A federal judge in Riverside said Monday that he was prepared to close a sprawling trailer park in Thermal within two weeks unless its owner presented a detailed plan to repair water, electricity and building code violations at the property that is home to 6,000 tenants.
"If I get the feeling that this is not going to happen, I'm going to close the place down. I'll send out federal marshals, and that will be it," said U.S. District Judge Stephen Larson, who toured the park known as Duroville last month. "The gamesmanship is over. The shell game is over."
Larson postponed a decision until Jan. 28. But he said that what he saw during his visit convinced him that the place represented an imminent threat to residents.
"I have great concern for the health and safety of the individuals at that park," he said. "Something has to be done."
The U.S. attorney's office asked Larson to close the park after reports from the Bureau of Indian Affairs identified numerous hazards such as jerry-built electrical systems, poor water quality, raw sewage on the ground and trailers sitting too close together.
The park is on the Torres Martinez Indian reservation. Its owner, Harvey Duro, is a member of the tribe and sits on the tribal council.
Over the years, Duro has been ordered to make substantial repairs, but the government says he has never complied. When a fire last May destroyed six trailers, the bureau ordered an investigation. It turned up dozens of serious deficiencies at the 40-acre park. Duro has said repeatedly that he will make repairs if told what to do and given enough time. The bureau contends it has told him what to do but that he has failed to act.
On Monday, Larson expressed serious concern about what would happen to the tenants, nearly all low-income Latino farmworkers, should the park be closed. Assistant U.S. Atty. Leon Weidman said his office has met with Riverside County officials to discuss such a possibility, but so far they have found no alternative housing for residents. The cost would be high, and affordable housing is in critically short supply, he said.
"It's unfair for the farmers and the local government to put this burden on the United States," Weidman told Larson. "It cannot be the United States' problem to allow this slum park to continue to exist with the liability being on the United States."

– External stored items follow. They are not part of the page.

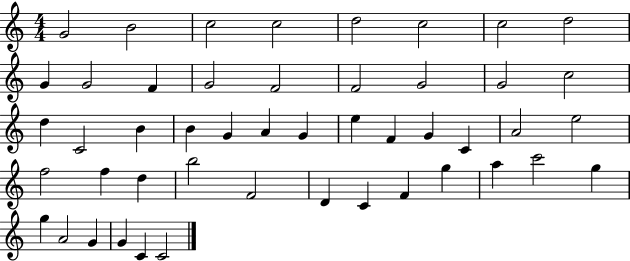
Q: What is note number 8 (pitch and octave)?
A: D5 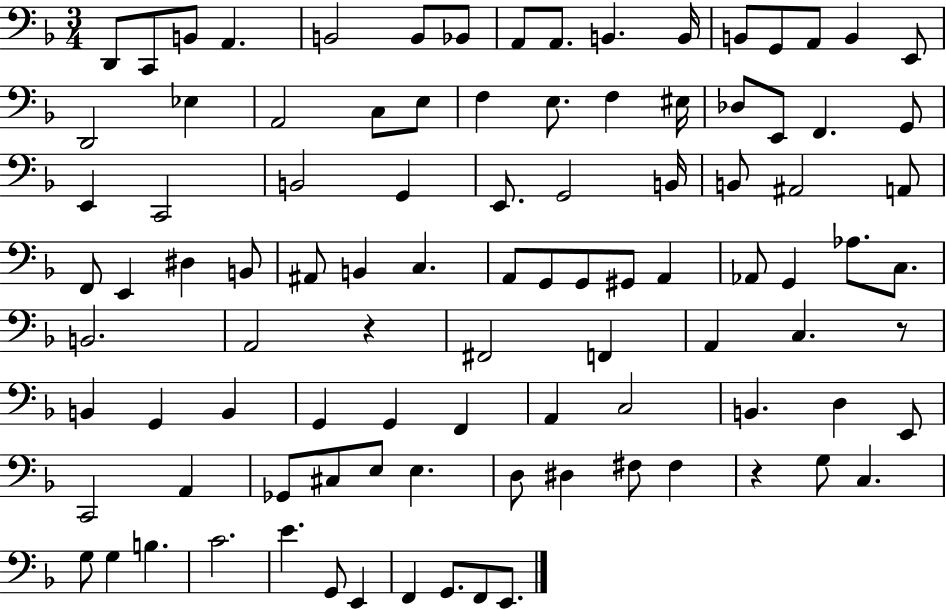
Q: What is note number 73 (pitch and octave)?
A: C2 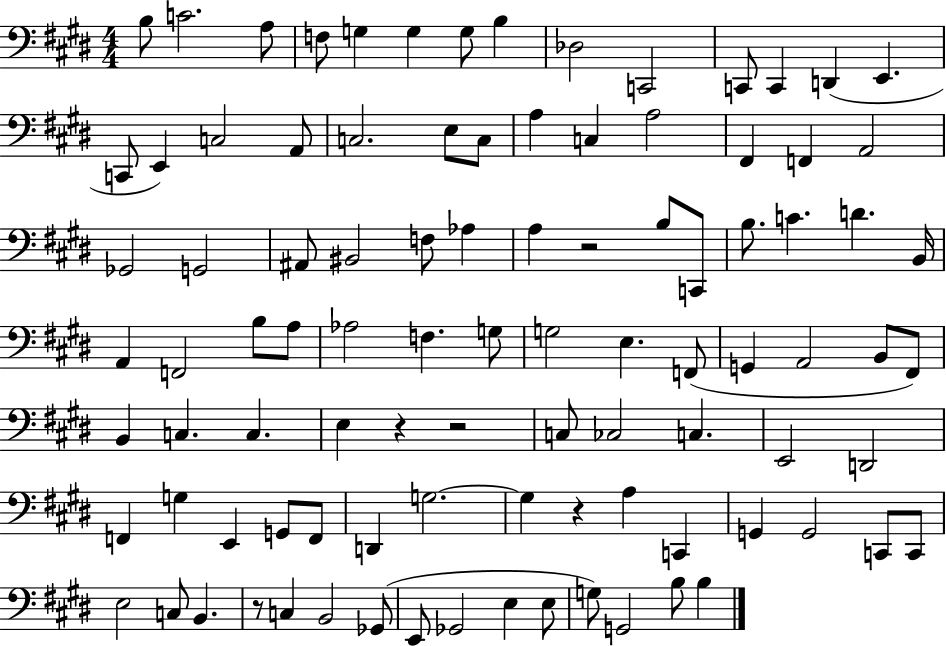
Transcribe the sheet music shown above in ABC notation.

X:1
T:Untitled
M:4/4
L:1/4
K:E
B,/2 C2 A,/2 F,/2 G, G, G,/2 B, _D,2 C,,2 C,,/2 C,, D,, E,, C,,/2 E,, C,2 A,,/2 C,2 E,/2 C,/2 A, C, A,2 ^F,, F,, A,,2 _G,,2 G,,2 ^A,,/2 ^B,,2 F,/2 _A, A, z2 B,/2 C,,/2 B,/2 C D B,,/4 A,, F,,2 B,/2 A,/2 _A,2 F, G,/2 G,2 E, F,,/2 G,, A,,2 B,,/2 ^F,,/2 B,, C, C, E, z z2 C,/2 _C,2 C, E,,2 D,,2 F,, G, E,, G,,/2 F,,/2 D,, G,2 G, z A, C,, G,, G,,2 C,,/2 C,,/2 E,2 C,/2 B,, z/2 C, B,,2 _G,,/2 E,,/2 _G,,2 E, E,/2 G,/2 G,,2 B,/2 B, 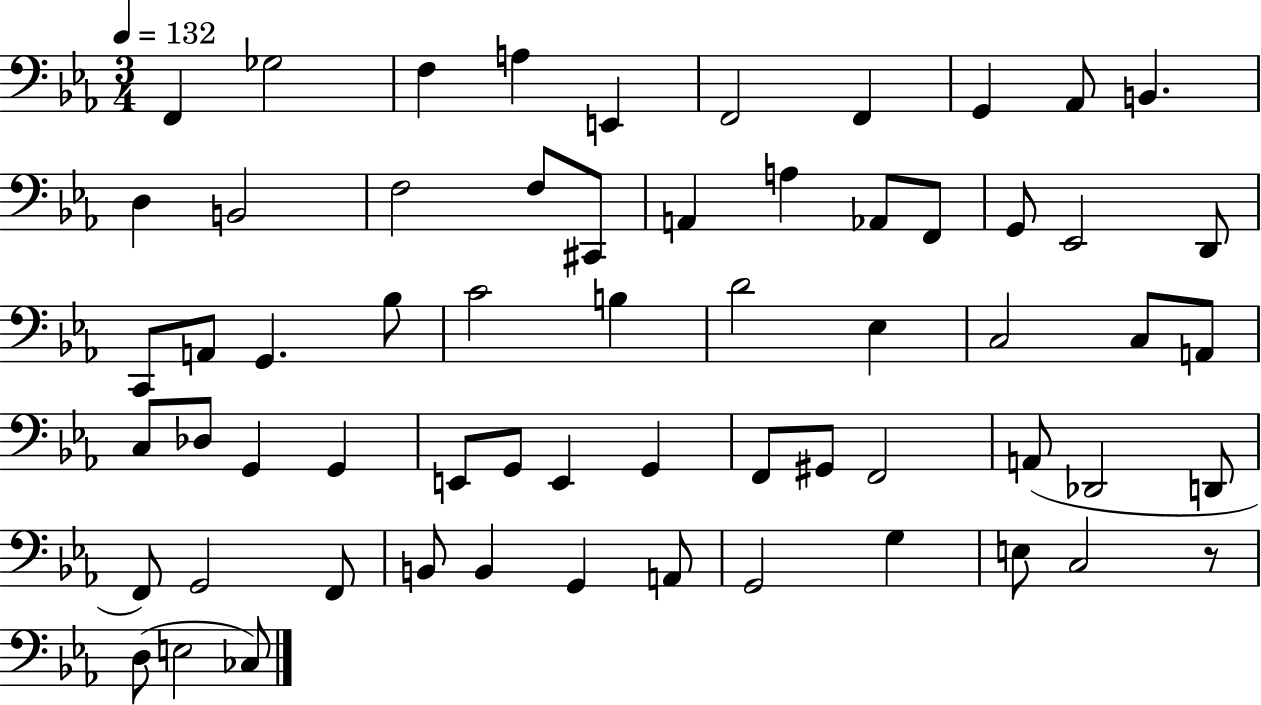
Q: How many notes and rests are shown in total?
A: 62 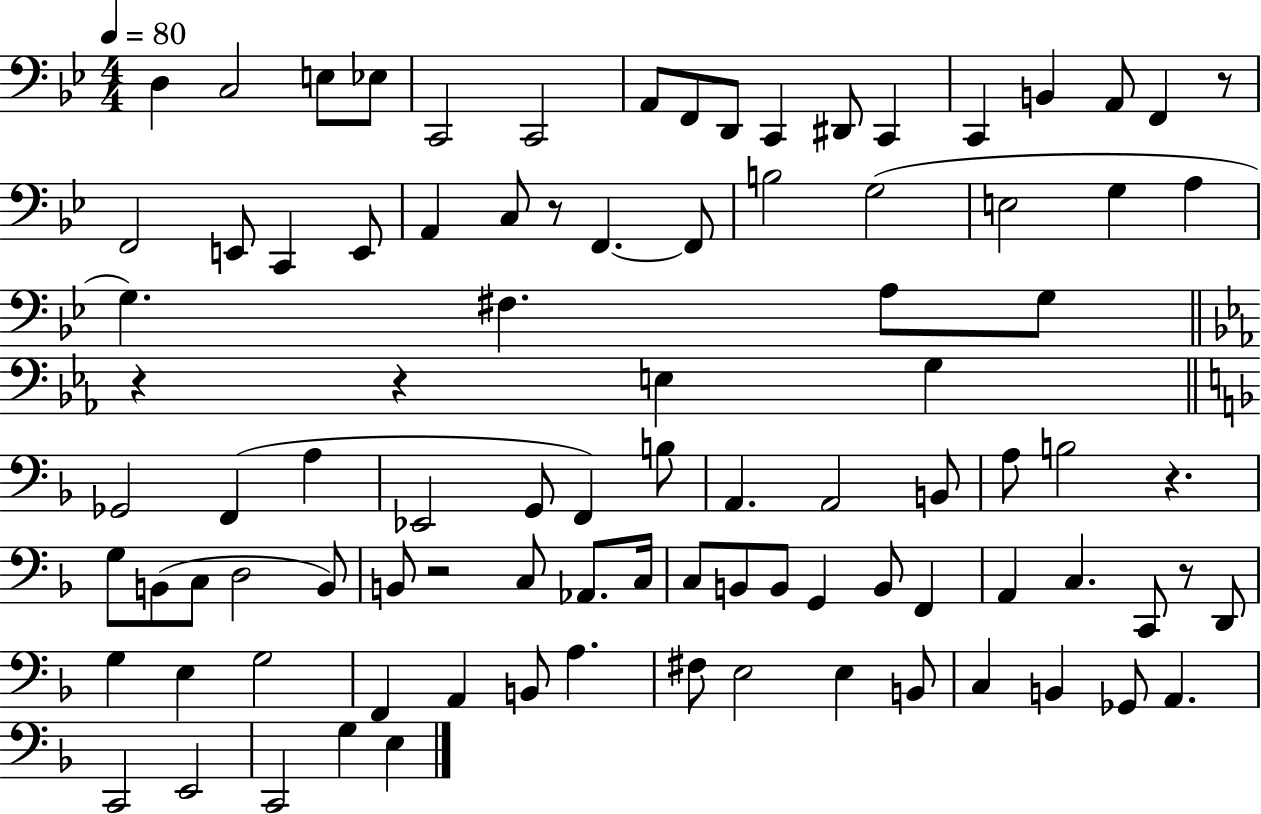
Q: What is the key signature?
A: BES major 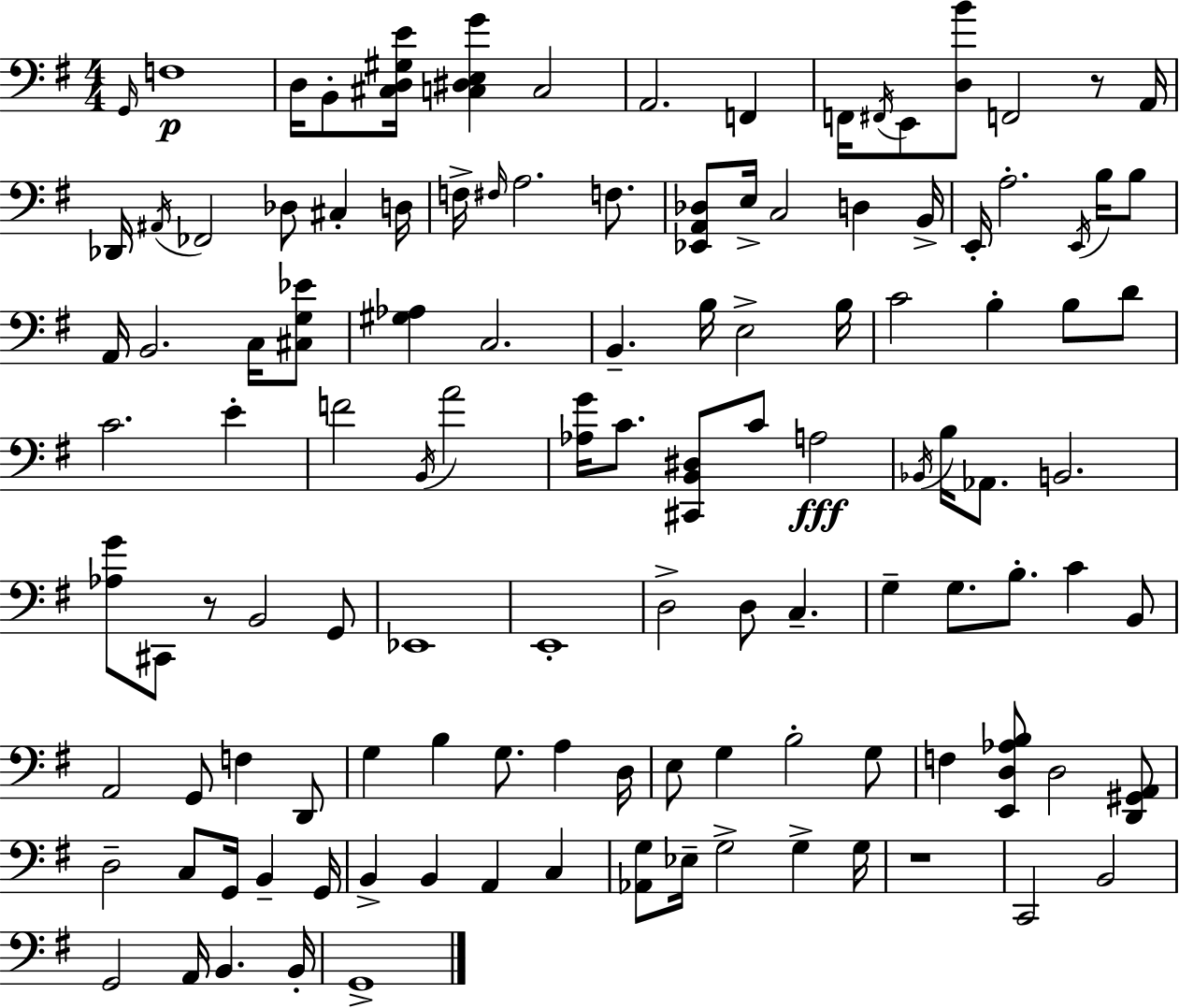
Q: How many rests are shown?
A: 3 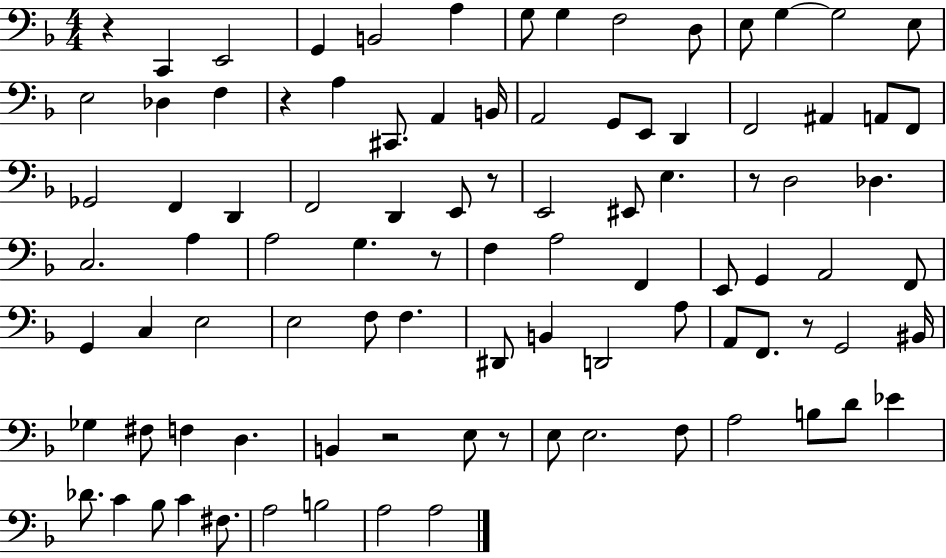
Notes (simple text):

R/q C2/q E2/h G2/q B2/h A3/q G3/e G3/q F3/h D3/e E3/e G3/q G3/h E3/e E3/h Db3/q F3/q R/q A3/q C#2/e. A2/q B2/s A2/h G2/e E2/e D2/q F2/h A#2/q A2/e F2/e Gb2/h F2/q D2/q F2/h D2/q E2/e R/e E2/h EIS2/e E3/q. R/e D3/h Db3/q. C3/h. A3/q A3/h G3/q. R/e F3/q A3/h F2/q E2/e G2/q A2/h F2/e G2/q C3/q E3/h E3/h F3/e F3/q. D#2/e B2/q D2/h A3/e A2/e F2/e. R/e G2/h BIS2/s Gb3/q F#3/e F3/q D3/q. B2/q R/h E3/e R/e E3/e E3/h. F3/e A3/h B3/e D4/e Eb4/q Db4/e. C4/q Bb3/e C4/q F#3/e. A3/h B3/h A3/h A3/h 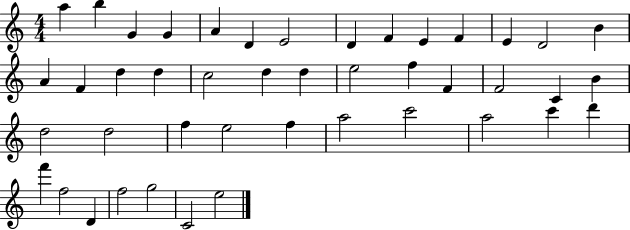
{
  \clef treble
  \numericTimeSignature
  \time 4/4
  \key c \major
  a''4 b''4 g'4 g'4 | a'4 d'4 e'2 | d'4 f'4 e'4 f'4 | e'4 d'2 b'4 | \break a'4 f'4 d''4 d''4 | c''2 d''4 d''4 | e''2 f''4 f'4 | f'2 c'4 b'4 | \break d''2 d''2 | f''4 e''2 f''4 | a''2 c'''2 | a''2 c'''4 d'''4 | \break f'''4 f''2 d'4 | f''2 g''2 | c'2 e''2 | \bar "|."
} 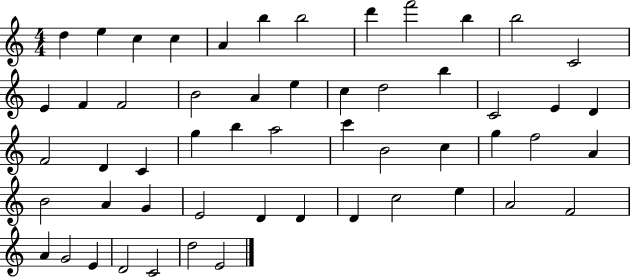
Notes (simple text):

D5/q E5/q C5/q C5/q A4/q B5/q B5/h D6/q F6/h B5/q B5/h C4/h E4/q F4/q F4/h B4/h A4/q E5/q C5/q D5/h B5/q C4/h E4/q D4/q F4/h D4/q C4/q G5/q B5/q A5/h C6/q B4/h C5/q G5/q F5/h A4/q B4/h A4/q G4/q E4/h D4/q D4/q D4/q C5/h E5/q A4/h F4/h A4/q G4/h E4/q D4/h C4/h D5/h E4/h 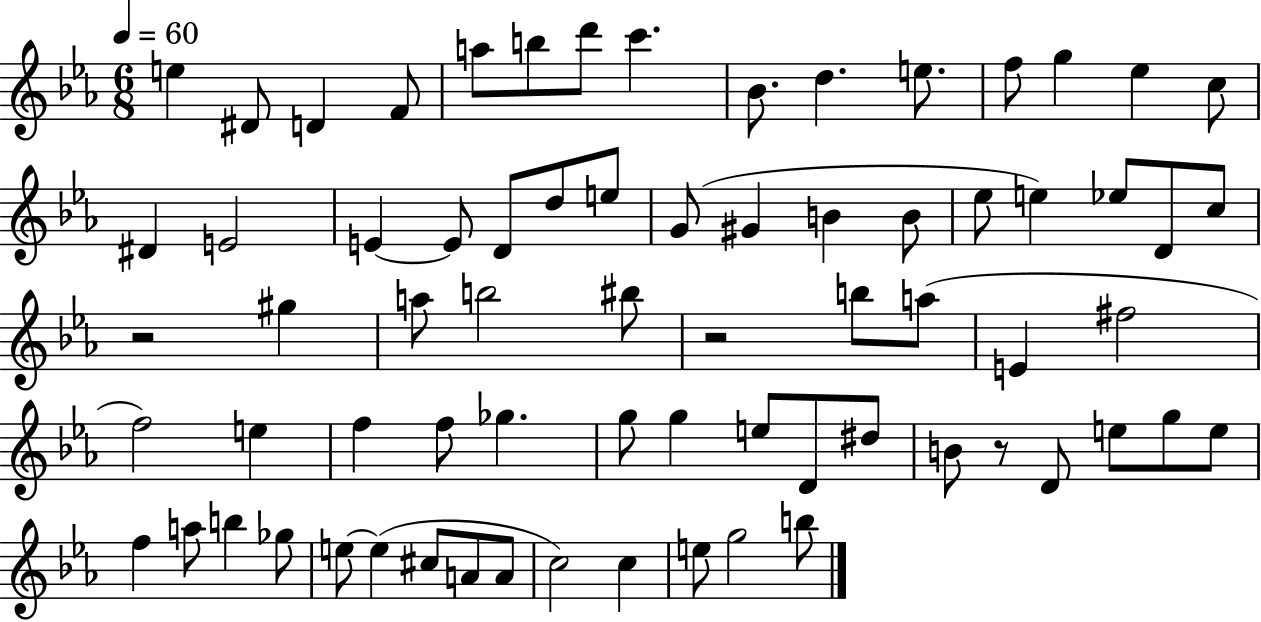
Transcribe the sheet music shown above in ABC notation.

X:1
T:Untitled
M:6/8
L:1/4
K:Eb
e ^D/2 D F/2 a/2 b/2 d'/2 c' _B/2 d e/2 f/2 g _e c/2 ^D E2 E E/2 D/2 d/2 e/2 G/2 ^G B B/2 _e/2 e _e/2 D/2 c/2 z2 ^g a/2 b2 ^b/2 z2 b/2 a/2 E ^f2 f2 e f f/2 _g g/2 g e/2 D/2 ^d/2 B/2 z/2 D/2 e/2 g/2 e/2 f a/2 b _g/2 e/2 e ^c/2 A/2 A/2 c2 c e/2 g2 b/2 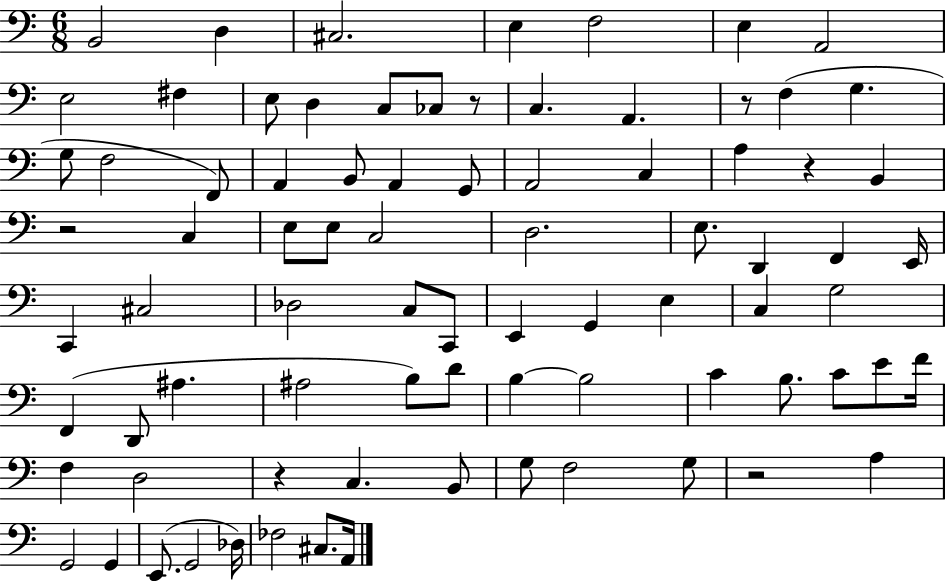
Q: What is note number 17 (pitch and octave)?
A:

Larson agreed but said that unless someone found a way to house the residents, the problem would continue. He invited members of the Riverside County Board of Supervisors as well as Catholic Charities and other groups to attend the next hearing and offer ideas. He also ordered Duro to submit a plan explaining how he intended to bring his park up to code.
"Everyone is well-represented in this case," Larson said, "except the individuals in the trailer park."